L’avènement des réseaux sociaux depuis une quinzaine d’années a bouleversé la relation entre une marque et ses publics, que ces derniers soient clients, prospects ou juste fans d’ailleurs.

En effet, avec les réseaux sociaux et internet en général, tout un chacun est devenu producteur de contenus : via nos smartphones, nous prenons en photo l’intégralité de nos vies que nous partageons sur Facebook, Instagram, Twitter, Snapchat ou encore WeChat, leur équivalent chinois. Ainsi pour les marques, il devient de plus en plus difficile d’émerger et de capter l’attention des individus dans cet écosystème de partage illimité car le “temps de cerveau humain disponible”, lui, à l’heure de la surcharge informationnelle, n’est pas infini. Et dans cette bataille pour l’attention, les marques ne sont plus en unique concurrence avec leur “ennemi” sectoriel mais avec chaque créateur de contenus, notamment les célébrités et les influenceurs, qu’ils soient Instagrammeurs ou YouTubeurs. Prenez Felix Kjellberg par exemple, plus connu sous le nom de PewDiePie - ce YouTubeur suédois de 28 ans compte plus de 61 millions d’abonnés, et chacune de ses vidéos enregistre plus de 2 millions de vues en moyenne en organique. À côté, les géants mondiaux tels que Coca-Cola ou McDonalds n’enregistrent respectivement que 2 millions et 360 000 abonnés sur leur chaîne YouTube...

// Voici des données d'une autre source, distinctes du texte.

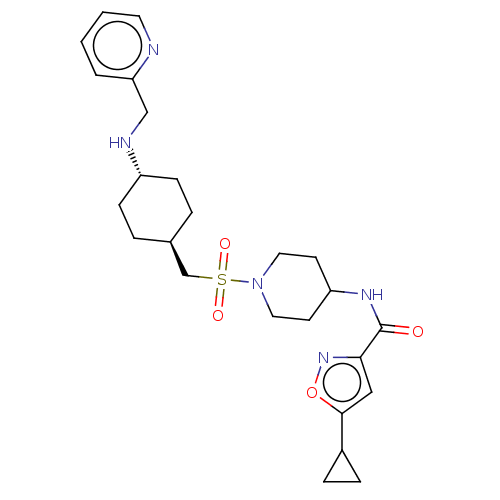 Chemical structure of BindingDB Monomer ID 50509608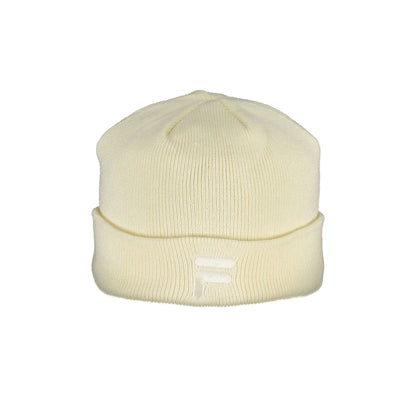 FILA Berretto Uomo Bianco con Ricamo e Logo Cappelli - foto prodotto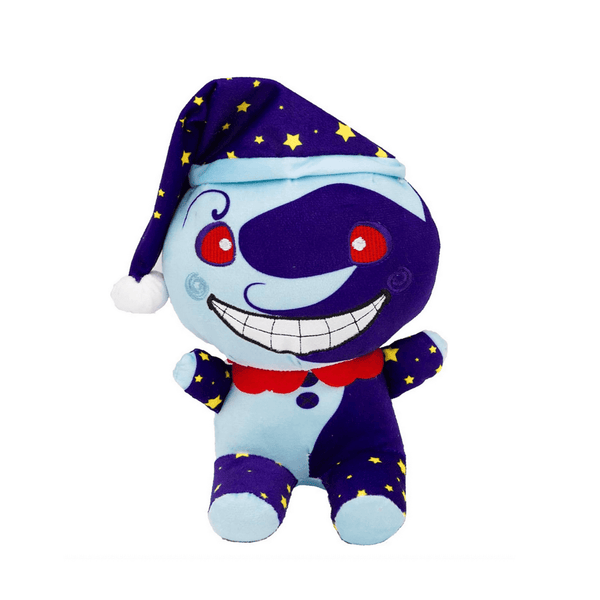 Peluche Responsable de Garderie Lune 20cm tirée de Five Nights at Freddy's, animatronique effrayante et méchante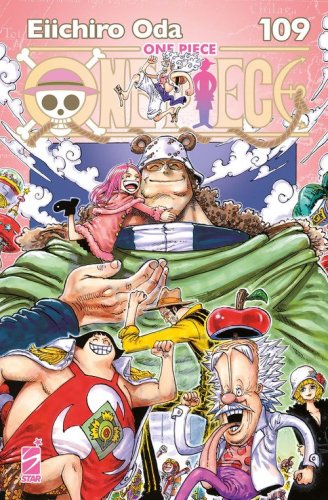 One piece. New edition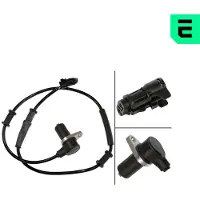 OPTIMAL ABS Sensor Raddrehzahl Vorne für HYUNDAI ACCENT Stufenheck (X-3) 06-S164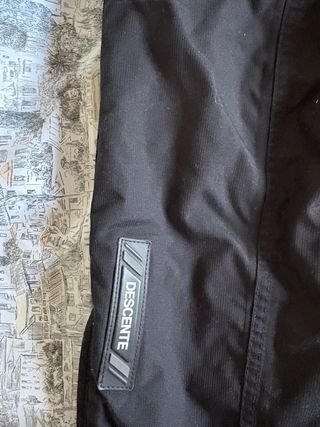 Pantalón de esquí Descente negro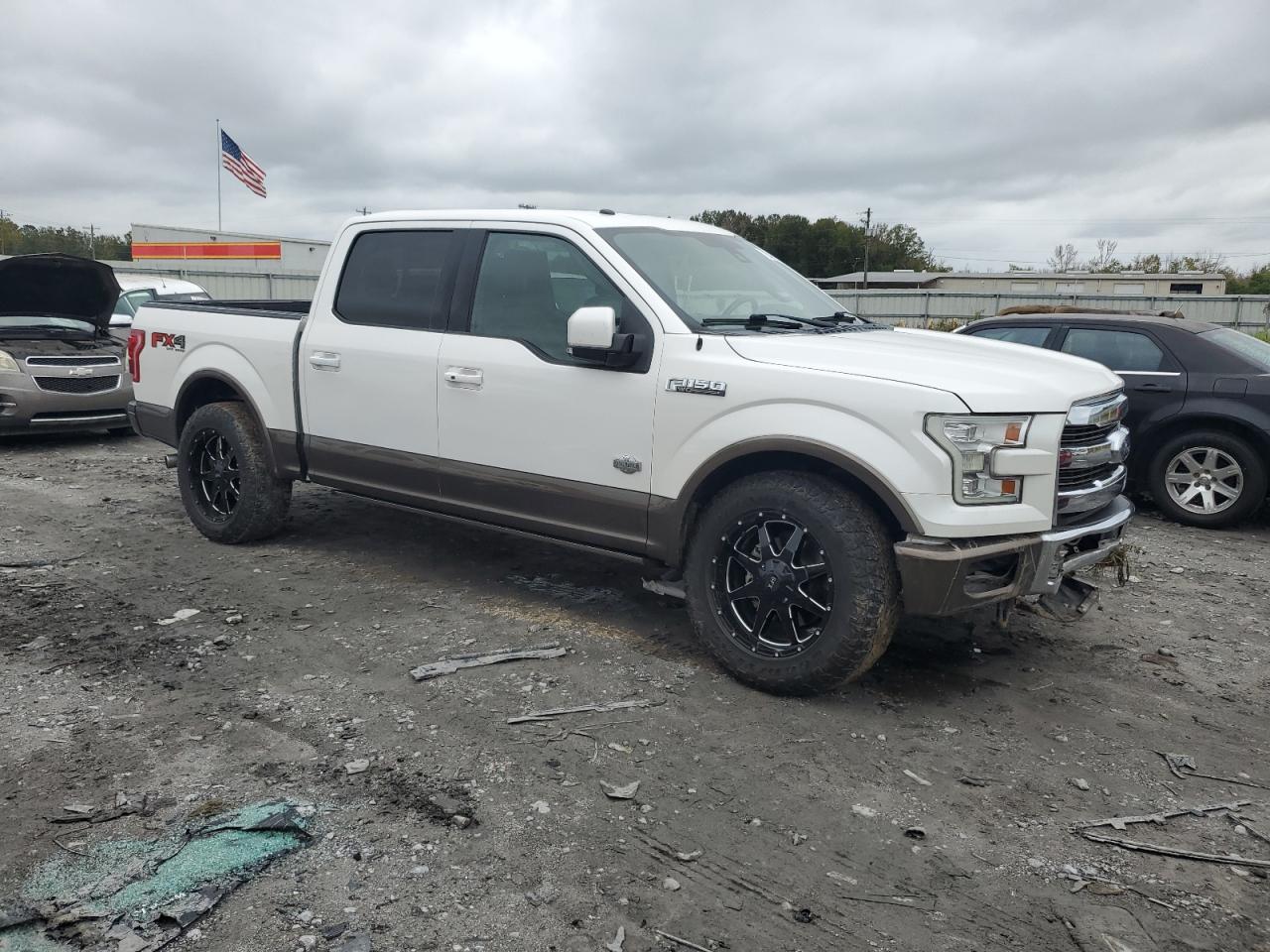 Photo 3 VIN: 1FTEW1EF1HFA45819 - FORD F-150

Alors comment émerger en tant que marque dans ce nouveau contexte hyper concurrentiel ? Partir de vos idées publicitaires pour les exécuter sur les réseaux sociaux ne fonctionnera pas. Lorsqu’un individu s'engage avec vous [la marque] en vous likant sur Facebook ou en vous suivant sur Twitter, vous entrez dans une relation intime avec lui dans la mesure où ce dernier vous embarque sur son téléphone portable, dans sa poche (84% des gens sont incapables de se passer de leur smartphone une journée). Cette relation intime, c'est comme dans un couple, il faut la travailler. Si en moyenne vous publiez 3 à 4 posts Facebook par semaine et 7 publications entre Instagram et Twitter par semaine, cela signifie que vous exposez 900 messages par an en moyenne à votre cible. Il faut donc passer d'une relation basée sur l'injonction et l'interruption, à une véritable connexion avec son audience, avec pour objectif de l’'embarquer, afin qu’elle que cette dernière vous relaie, vous partage, etc. Ce phénomène n'est pas nouveau : il y a quelques années, le street artist Banksy décriait déjà la publicité qui je cite “ vous coupe la parole, vous fait un coup bas avant de disparaître". Et pourtant, c’est encore souvent la façon dont les marques envisagent aujourd’hui leur communication.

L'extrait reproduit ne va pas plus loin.